Regimes of Mobility Control: Practices and Promises

Processes of circulation and transport depend on regulation and control. Mobilities of people, things, data, and energy are registered, monitored, and operated, guaranteed by various institutions, border architectures, and control rooms. Control regimes have historically developed in different ways and are accompanied by manifold, sometimes contradictory promises and fears, the complex infrastructural web of which the conference wants to analyze. It brings together researchers from science and technology studies, history, sociology, criminology, urban studies, and media culture studies to provide a comparative perspective on the regulation of mobilities in and beyond the control room.

The conference takes a twofold approach to the question of control: on the one hand, it connects to studies on control room practices and "centers of coordination" (Suchman), which emphasize the technical mediation of cooperation processes. On the other hand, following Deleuze (1992), it accentuates questions of the management and surveillance of traffic flows and incorporates considerations of urban geography, critical security studies, and media studies to analyze in particular the role of information technologies for processes of regulation.

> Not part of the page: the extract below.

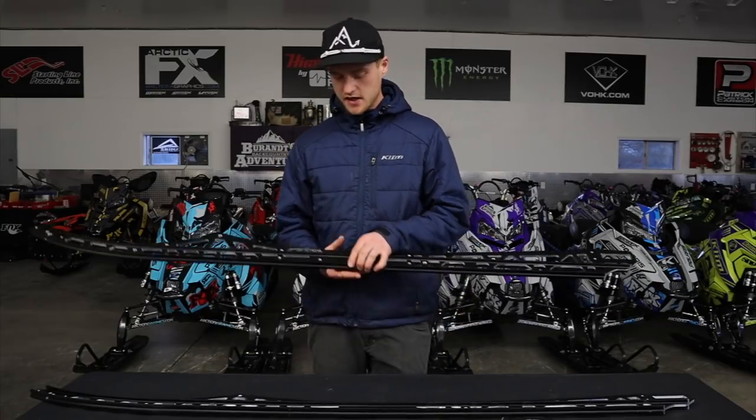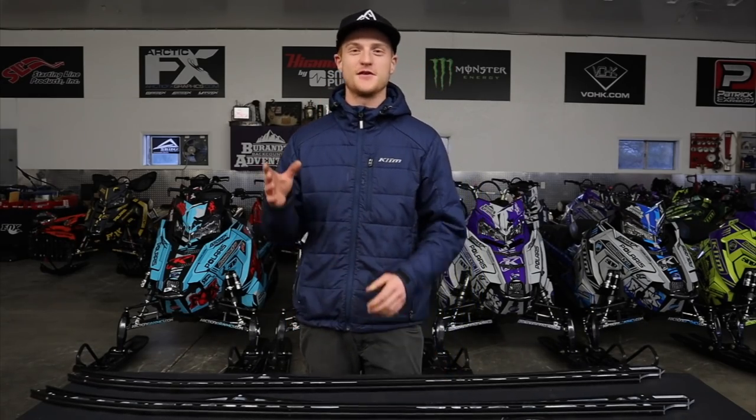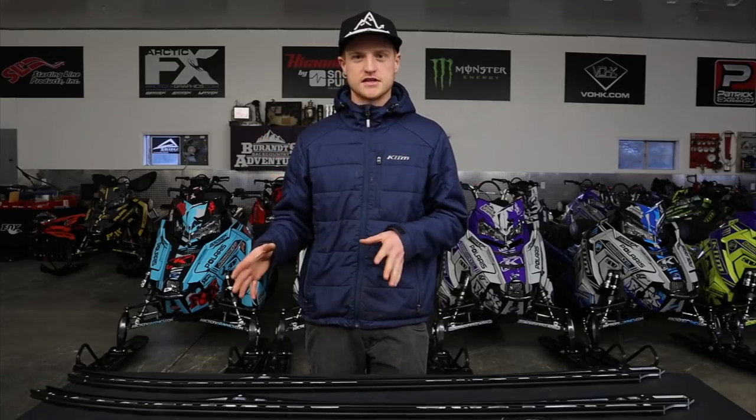If you're really hard on stuff, you can even go with a bomber rail that has fewer cutouts — almost a full rail with no windows — giving you superior strength. That's also an option for just a little bit more. You can run a bomber rail, but that's not quite something I need. So I'm going to throw these Ice Ages on my sled, giving me that 163 track with a 155 tunnel so I can keep up with the big guy.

The conference thus focuses on the practices and promises of infrastructures of mobility control: How can the materiality and organization of control spaces be thought together with imaginaries of ordering flows of people, goods, and information? What media are used to construct, disseminate, and deploy private or public authority? How do the histories, path dependencies, and temporalities of complex transportation infrastructures contrast and intersect? The aim is to connect the empirical with the semantic, to understand the socio-technical as cultural and discursive, and to identify which cultural techniques and forms of distributed action determine control (room) work.